FBI Director Christopher Wray described the breach of the Capitol on Jan. 6 as “domestic terrorism” during a Senate panel hearing on Tuesday.
“It’s got no place in our democracy and tolerating it would make a mockery of our nation’s rule of law,” Wray told senators. “That siege was criminal behavior plain and simple and it’s behavior that we—the FBI—views as domestic terrorism.”
The FBI, however, did not have credible threat reports of a pre-planned attack on the U.S. Capitol on Jan. 6, he told lawmakers. Wray and other law enforcement agencies have faced criticism and questions for why authorities were so unprepared for the breach.
The acting chief of the Capitol Police said that a Jan. 5 report from the FBI was handed to investigators in the police force and to the agency’s intelligence unit but wasn’t sent up the chain of command.
In the hearing, Wray continued to say that so far, 300 people have been arrested by the FBI and other law enforcement agencies. More people are being charged with crimes related to the Capitol breach nearly every day, he added.
“January 6th was not an isolated event,” the FBI chief remarked. “The problem of domestic terrorism has been metastasizing.” Wray cited alleged “militia violent extremism” as well as “racially motivated violent extremism,” but he added that FBI does not consider the Proud Boys a domestic terrorist group
Going a step further, Wray asserted that it is “a top concern and remains so for the FBI,” adding that domestic terrorism is comparable to al-Qaeda and the ISIS terrorist groups. Later, he noted that domestic terrorism arrests have increased for militia extremists, racially motivated extremists, and anarchist extremists.
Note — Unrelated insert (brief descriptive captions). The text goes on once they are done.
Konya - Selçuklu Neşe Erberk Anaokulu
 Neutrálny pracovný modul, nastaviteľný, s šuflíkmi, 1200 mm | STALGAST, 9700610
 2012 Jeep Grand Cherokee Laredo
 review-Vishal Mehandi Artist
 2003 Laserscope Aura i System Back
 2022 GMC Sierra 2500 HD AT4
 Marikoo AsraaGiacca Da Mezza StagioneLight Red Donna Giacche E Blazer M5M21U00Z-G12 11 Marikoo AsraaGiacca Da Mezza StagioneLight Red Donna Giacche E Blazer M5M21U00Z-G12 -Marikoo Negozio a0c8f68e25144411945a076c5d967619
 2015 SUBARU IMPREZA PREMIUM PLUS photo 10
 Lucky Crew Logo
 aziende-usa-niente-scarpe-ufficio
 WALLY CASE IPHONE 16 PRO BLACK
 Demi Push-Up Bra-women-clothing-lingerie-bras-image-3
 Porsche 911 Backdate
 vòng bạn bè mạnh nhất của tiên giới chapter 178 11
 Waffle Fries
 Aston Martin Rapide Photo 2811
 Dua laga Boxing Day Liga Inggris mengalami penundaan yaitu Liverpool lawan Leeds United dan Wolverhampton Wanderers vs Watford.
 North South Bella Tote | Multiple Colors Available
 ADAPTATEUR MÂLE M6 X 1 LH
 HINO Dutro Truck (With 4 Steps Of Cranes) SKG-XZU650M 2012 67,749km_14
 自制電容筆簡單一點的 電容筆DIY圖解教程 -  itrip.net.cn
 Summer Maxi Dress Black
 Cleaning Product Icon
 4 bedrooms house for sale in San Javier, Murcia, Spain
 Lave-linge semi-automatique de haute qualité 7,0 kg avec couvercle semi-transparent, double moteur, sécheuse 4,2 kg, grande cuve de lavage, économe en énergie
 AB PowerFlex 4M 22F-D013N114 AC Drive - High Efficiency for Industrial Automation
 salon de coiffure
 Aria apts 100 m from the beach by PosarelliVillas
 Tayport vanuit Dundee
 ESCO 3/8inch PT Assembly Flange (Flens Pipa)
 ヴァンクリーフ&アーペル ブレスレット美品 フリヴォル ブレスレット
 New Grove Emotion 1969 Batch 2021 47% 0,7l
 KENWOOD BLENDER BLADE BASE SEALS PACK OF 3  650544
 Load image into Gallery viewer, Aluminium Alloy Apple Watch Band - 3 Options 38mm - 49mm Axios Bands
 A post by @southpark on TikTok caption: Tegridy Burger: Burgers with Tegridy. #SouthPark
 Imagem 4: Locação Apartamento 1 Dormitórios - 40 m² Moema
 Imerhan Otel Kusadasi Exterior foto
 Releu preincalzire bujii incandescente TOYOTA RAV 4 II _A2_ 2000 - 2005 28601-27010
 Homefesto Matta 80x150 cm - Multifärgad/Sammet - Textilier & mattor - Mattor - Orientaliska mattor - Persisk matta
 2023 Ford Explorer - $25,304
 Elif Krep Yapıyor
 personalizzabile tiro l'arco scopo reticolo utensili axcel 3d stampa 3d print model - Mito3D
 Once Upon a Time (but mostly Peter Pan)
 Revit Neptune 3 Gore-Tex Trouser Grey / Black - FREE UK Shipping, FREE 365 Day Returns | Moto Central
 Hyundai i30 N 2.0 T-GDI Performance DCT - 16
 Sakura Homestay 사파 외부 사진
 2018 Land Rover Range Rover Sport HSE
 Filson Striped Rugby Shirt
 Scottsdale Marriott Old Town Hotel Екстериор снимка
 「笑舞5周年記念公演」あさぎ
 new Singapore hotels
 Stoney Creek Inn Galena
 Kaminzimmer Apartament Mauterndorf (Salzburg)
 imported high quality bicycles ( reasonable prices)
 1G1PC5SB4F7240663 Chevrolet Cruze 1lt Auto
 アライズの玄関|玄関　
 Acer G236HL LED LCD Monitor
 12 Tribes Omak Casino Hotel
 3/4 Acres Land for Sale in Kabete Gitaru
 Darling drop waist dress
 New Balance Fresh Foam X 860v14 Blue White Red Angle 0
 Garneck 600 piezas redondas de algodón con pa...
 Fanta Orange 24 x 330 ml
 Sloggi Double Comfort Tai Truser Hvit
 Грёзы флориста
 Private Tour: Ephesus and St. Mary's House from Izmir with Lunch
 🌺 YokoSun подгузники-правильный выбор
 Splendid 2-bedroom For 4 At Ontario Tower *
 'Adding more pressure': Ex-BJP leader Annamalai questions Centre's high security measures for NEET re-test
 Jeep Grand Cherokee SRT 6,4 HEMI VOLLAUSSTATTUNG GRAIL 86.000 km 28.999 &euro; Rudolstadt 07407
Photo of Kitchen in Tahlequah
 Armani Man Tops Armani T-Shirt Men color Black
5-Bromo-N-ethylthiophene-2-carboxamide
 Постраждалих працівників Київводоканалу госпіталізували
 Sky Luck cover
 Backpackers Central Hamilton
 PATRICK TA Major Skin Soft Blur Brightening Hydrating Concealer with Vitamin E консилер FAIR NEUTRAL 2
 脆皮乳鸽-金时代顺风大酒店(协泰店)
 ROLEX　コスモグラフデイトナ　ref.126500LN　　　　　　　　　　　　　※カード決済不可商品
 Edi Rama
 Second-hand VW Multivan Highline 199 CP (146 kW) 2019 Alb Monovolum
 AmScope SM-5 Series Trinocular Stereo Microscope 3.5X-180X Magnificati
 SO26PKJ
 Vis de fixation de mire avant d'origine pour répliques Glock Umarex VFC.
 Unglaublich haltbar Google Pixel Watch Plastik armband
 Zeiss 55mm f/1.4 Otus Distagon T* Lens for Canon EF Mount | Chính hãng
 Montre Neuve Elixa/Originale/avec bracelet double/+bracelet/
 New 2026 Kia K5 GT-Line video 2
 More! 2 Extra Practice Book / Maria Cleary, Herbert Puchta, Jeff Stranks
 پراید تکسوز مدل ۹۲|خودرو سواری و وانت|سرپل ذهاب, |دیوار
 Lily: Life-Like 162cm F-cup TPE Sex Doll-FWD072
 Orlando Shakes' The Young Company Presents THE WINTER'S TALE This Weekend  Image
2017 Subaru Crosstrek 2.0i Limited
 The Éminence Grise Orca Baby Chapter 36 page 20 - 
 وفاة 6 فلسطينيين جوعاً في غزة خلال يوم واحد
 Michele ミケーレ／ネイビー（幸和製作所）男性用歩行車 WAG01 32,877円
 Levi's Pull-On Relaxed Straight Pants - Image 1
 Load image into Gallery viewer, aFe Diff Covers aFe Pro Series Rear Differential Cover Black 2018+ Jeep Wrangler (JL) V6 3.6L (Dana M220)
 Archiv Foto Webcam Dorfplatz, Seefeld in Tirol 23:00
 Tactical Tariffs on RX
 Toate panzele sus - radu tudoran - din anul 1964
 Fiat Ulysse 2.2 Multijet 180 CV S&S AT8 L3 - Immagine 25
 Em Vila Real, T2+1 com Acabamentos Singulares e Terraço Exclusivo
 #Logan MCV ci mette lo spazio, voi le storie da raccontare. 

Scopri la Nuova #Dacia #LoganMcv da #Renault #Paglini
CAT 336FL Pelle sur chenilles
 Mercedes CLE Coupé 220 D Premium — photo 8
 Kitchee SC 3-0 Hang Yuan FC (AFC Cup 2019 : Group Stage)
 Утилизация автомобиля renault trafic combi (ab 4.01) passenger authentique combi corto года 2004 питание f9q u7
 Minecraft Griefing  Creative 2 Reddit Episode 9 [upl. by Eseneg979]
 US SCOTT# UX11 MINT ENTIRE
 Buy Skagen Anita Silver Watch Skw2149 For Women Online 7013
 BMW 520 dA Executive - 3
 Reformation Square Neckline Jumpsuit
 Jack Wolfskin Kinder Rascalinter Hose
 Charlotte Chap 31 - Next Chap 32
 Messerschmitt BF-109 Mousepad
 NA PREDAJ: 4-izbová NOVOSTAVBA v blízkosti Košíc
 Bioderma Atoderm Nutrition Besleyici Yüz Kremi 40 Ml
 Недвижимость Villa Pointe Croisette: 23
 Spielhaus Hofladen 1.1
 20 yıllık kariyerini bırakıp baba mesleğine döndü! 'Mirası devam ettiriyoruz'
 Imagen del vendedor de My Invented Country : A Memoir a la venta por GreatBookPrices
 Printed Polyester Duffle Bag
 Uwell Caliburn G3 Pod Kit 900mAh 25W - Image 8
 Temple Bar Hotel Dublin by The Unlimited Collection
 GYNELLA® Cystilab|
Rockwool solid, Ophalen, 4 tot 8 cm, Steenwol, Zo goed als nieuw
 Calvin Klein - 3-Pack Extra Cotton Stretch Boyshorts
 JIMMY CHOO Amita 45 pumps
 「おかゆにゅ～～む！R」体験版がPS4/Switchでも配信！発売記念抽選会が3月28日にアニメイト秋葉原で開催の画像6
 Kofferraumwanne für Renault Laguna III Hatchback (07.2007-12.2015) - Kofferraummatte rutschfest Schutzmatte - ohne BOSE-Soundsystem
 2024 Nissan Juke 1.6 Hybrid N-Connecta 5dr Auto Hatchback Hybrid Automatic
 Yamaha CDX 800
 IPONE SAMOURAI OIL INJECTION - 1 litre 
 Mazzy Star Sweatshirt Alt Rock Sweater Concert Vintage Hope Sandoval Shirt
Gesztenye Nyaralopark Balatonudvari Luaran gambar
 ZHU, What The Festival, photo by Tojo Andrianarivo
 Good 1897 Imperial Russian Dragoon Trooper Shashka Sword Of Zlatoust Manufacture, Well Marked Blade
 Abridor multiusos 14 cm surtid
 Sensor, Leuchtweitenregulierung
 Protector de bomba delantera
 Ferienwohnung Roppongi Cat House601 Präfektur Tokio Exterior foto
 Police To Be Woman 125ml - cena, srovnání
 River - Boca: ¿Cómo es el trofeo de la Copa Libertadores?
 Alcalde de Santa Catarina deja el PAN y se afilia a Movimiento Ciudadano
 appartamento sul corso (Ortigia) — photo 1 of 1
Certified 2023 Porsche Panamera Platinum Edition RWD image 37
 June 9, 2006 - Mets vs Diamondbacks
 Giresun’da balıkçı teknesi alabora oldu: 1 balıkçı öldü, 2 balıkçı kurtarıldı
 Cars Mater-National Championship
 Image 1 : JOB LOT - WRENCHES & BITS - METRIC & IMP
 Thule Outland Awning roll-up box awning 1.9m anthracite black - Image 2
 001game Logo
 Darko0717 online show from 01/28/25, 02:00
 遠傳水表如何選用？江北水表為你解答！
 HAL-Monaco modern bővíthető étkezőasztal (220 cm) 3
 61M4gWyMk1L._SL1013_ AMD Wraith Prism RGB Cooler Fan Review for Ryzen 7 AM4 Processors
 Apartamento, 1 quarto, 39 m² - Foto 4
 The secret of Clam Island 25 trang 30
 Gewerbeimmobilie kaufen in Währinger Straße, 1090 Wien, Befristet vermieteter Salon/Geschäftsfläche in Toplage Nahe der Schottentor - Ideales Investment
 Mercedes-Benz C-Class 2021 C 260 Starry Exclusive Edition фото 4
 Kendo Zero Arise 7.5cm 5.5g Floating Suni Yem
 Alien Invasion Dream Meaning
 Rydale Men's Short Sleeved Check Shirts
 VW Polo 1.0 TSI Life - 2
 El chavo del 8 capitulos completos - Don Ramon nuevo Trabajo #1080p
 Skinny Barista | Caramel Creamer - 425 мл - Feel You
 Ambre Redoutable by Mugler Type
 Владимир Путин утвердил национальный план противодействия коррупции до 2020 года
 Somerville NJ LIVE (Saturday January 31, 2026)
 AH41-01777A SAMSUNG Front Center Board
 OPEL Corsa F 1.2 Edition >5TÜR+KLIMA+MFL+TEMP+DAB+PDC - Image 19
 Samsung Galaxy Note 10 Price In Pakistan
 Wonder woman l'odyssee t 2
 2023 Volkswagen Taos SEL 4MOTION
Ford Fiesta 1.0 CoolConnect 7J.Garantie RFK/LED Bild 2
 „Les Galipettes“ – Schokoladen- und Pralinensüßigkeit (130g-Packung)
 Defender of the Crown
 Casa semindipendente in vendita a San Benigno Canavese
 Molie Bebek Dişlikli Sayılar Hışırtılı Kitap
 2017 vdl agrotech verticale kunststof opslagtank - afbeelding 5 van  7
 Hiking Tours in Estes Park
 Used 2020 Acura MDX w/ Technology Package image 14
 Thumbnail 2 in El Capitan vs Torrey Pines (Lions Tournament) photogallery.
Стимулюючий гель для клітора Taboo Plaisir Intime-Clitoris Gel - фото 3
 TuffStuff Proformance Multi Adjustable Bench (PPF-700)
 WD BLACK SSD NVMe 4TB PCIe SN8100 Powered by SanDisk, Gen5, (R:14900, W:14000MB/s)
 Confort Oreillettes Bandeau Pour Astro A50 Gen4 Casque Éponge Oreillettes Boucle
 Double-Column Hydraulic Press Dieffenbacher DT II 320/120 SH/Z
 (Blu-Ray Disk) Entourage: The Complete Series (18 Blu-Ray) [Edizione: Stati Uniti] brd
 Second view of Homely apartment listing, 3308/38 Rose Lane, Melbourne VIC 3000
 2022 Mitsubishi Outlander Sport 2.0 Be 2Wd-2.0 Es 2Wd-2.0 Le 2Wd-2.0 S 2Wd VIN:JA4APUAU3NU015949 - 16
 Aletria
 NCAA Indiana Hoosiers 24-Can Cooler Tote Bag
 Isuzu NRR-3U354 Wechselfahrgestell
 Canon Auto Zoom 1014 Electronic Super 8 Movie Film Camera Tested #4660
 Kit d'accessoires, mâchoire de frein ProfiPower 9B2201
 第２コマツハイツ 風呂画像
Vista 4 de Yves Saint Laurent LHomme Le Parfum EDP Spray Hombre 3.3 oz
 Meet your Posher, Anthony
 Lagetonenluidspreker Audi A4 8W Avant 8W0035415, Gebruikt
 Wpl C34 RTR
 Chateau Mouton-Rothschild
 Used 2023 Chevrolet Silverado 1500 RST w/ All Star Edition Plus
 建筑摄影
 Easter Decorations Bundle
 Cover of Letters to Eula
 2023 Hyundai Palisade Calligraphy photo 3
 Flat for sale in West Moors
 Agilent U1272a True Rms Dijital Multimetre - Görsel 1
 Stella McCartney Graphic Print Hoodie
Wray told senators that in the midst of an FBI investigation, Sicknick’s cause of death has not yet been determined.
And for whether there were foreign actors involved, Wray told senators that “it’s possible, but we haven’t seen any evidence of that.”
As the congressional push to root out alleged domestic extremists expands, more than 150 human rights organizations called on Congress not to expand the proposed expansion of terrorism-related legal authority.
Speaking to Fox News, Greenwald said he hopes the crackdown will expose the mistaken view “that the way to understand Washington is Democrat versus Republican, and that you side with one team and believe they are on your side in defending your interests, and the other team is your enemy.”